PET and CSF amyloid-β status are differently predicted by patient features: information from discordant cases | Alzheimer's Research & Therapy | Full Text

Alzheimer's Research & Therapy

PET and CSF amyloid-β status are differently predicted by patient features: information from discordant cases

• Juhan Reimand, 
• Arno de Wilde, 
• Charlotte E. Teunissen, 
• Marissa Zwan, 
• Albert D. Windhorst, 
• Ronald Boellaard, 
• Frederik Barkhof, 
• Wiesje M. van der Flier, 
• Philip Scheltens, 
• Bart N. M. van Berckel, 
• Rik Ossenkoppele & 
• Femke Bouwman 

Alzheimer's Research & Therapy volume 11, Article number: 100 (2019) Cite this article

Article metrics

• 82 Accesses
• 3 Altmetric
• Metricsdetails

Abstract

Background

Amyloid-β PET and CSF Aβ42 yield discordant results in 10–20% of memory clinic patients, possibly providing unique information. Although the predictive power of demographic, clinical, genetic, and imaging features for amyloid positivity has previously been investigated, it is unknown whether these features differentially predict amyloid-β status based on PET or CSF or whether this differs by disease stage.

Methods

We included 768 patients (subjective cognitive decline (SCD, n = 194), mild cognitive impairment (MCI, n = 127), dementia (AD and non-AD, n = 447) with amyloid-β PET and CSF Aβ42 measurement within 1 year. Ninety-seven (13%) patients had discordant PET/CSF amyloid-β status. We performed parallel random forest models predicting separately PET and CSF status using 17 patient features (demographics, APOE4 positivity, CSF (p)tau, cognitive performance, and MRI visual ratings) in the total patient group and stratified by syndrome diagnosis.

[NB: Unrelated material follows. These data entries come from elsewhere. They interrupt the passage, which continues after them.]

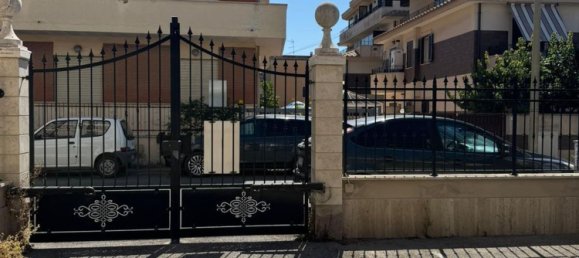 Квартира с 4 спальнями в Неттуно, Италия № 323557 21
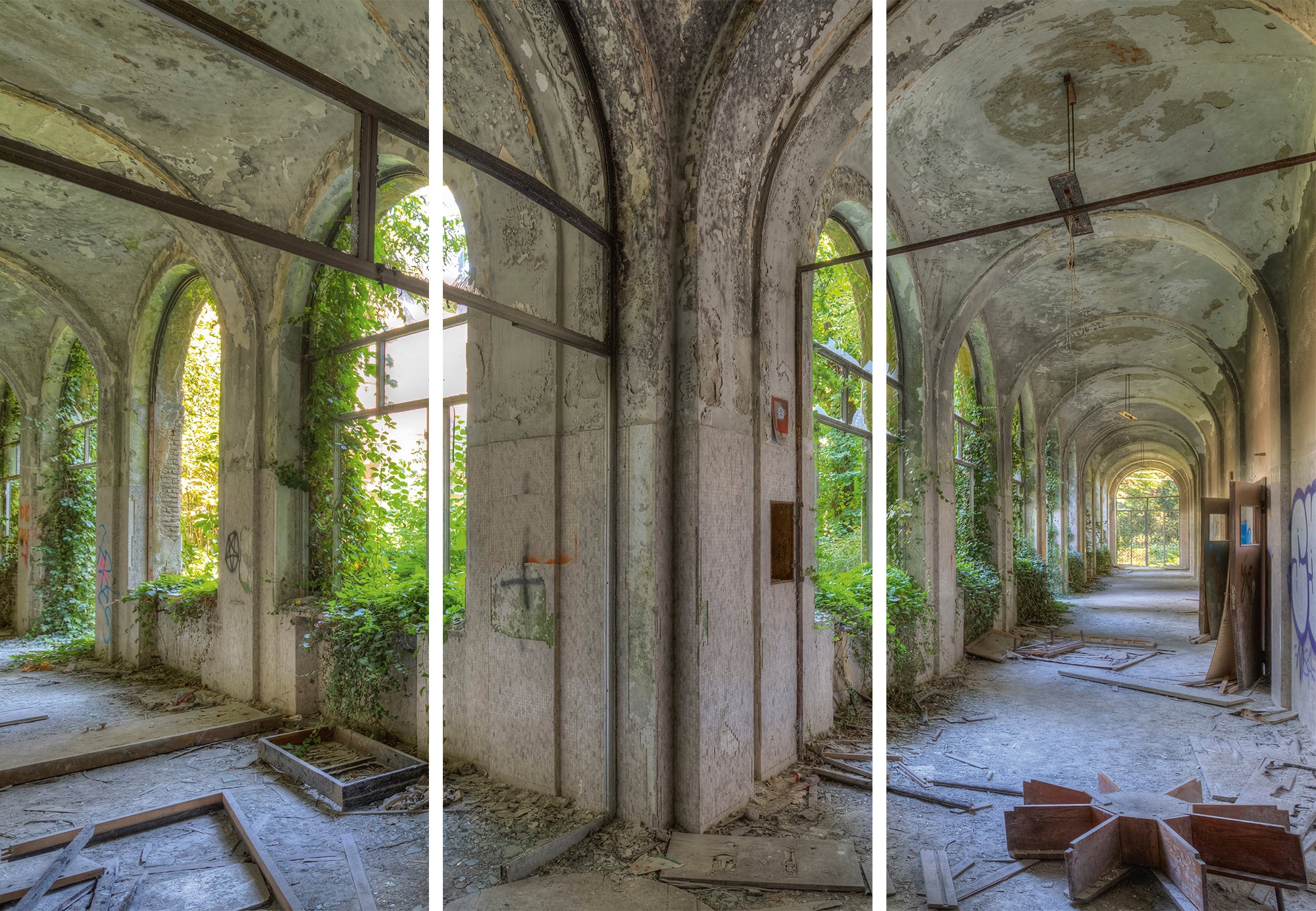 Acrylglasbild Lost Place geteilter Flur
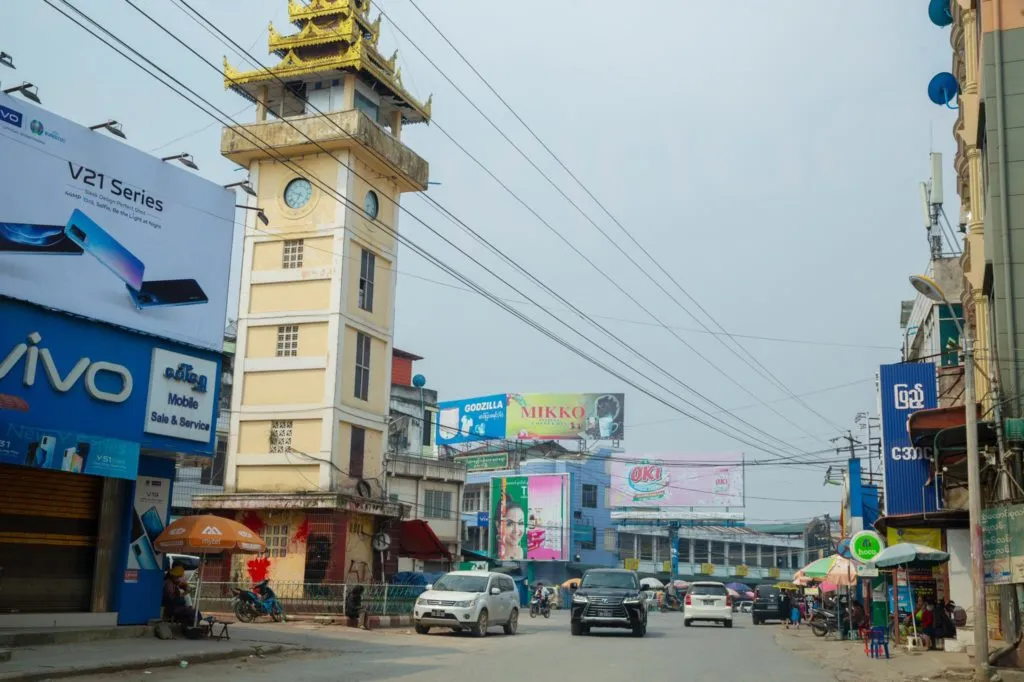 မူဆယ်ဒေသခံများထံ လက်နက်ကိုင်တပ်ဖွဲ့ပေါင်းစုံ ဆက်ကြေးကောက်ခံ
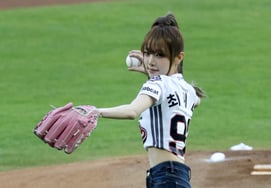 [Chụp ảnh] Choi Yena ném bóng mở màn: Kim Ji Chan đóng băng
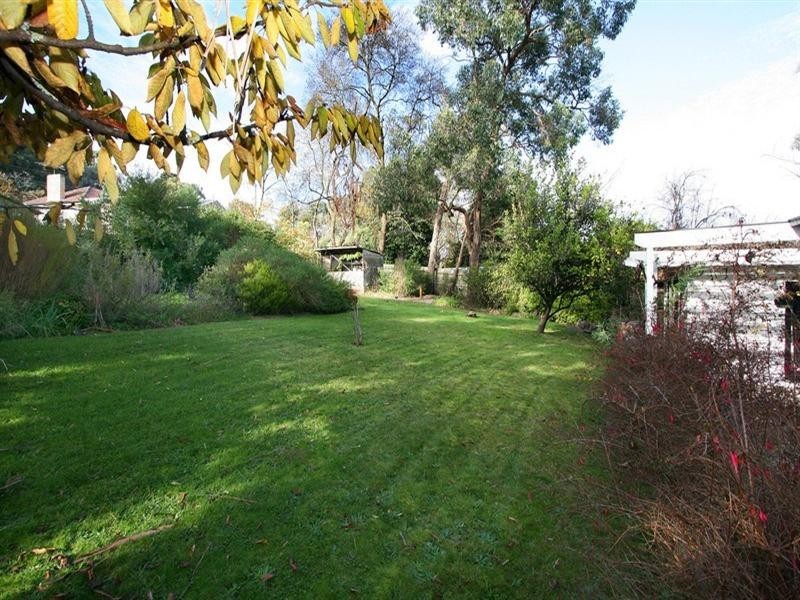 4 Cielterre Avenue, Ringwood North VIC 3134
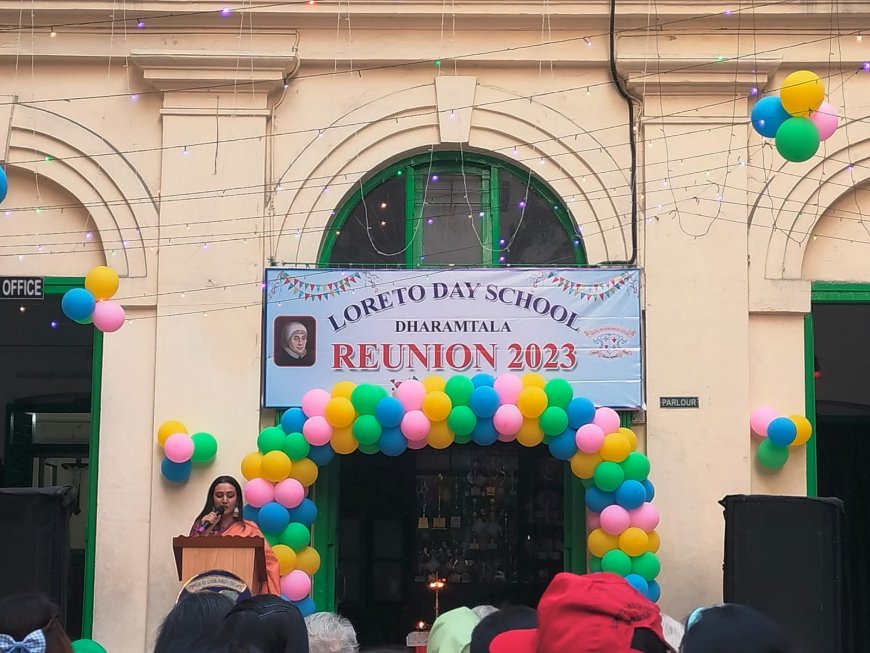 Loreto Dharmatala reunion hosted by actress and ex-student Falaque Rashid Roy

Thereafter, we selected features with the highest variable importance measure (VIM) as input for logistic regression models, where amyloid status on either PET or CSF was predicted by (i) the selected patient feature and (ii) the patient feature adjusted for the status of the other amyloid modality.

Results

APOE4, CSF tau, and p-tau had the highest VIM for PET and CSF in all groups. In the amyloid-adjusted logistic regression models, p-tau was a significant predictor for PET-amyloid in SCD (OR = 1.02 [1.01–1.04], pFDR = 0.03), MCI (OR = 1.05 [1.02–1.07], pFDR < 0.01), and dementia (OR = 1.04 [1.03–1.05], pFDR < 0.001), but not for CSF-amyloid. APOE4 (OR = 3.07 [1.33–7.07], punc < 0.01) was associated with CSF-amyloid in SCD, while it was only predictive for PET-amyloid in MCI (OR = 9.44 [2.93, 30.39], pFDR < 0.01). Worse MMSE scores (OR = 1.21 [1.03–1.41], punc = 0.02) were associated to CSF-amyloid status in SCD, whereas worse memory (OR = 1.17 [1.05–1.31], pFDR = 0.02) only predicted PET positivity in dementia.

Conclusion

Amyloid status based on either PET or CSF was predicted by different patient features, and this varied by disease stage, suggesting that PET-CSF discordance yields unique information. The stronger associations of both APOE4 carriership and worse memory z-scores with CSF-amyloid in SCD suggest that CSF-amyloid is more sensitive early in the disease course. The higher predictive value of CSF p-tau for a positive PET scan suggests that PET is more specific to AD pathology.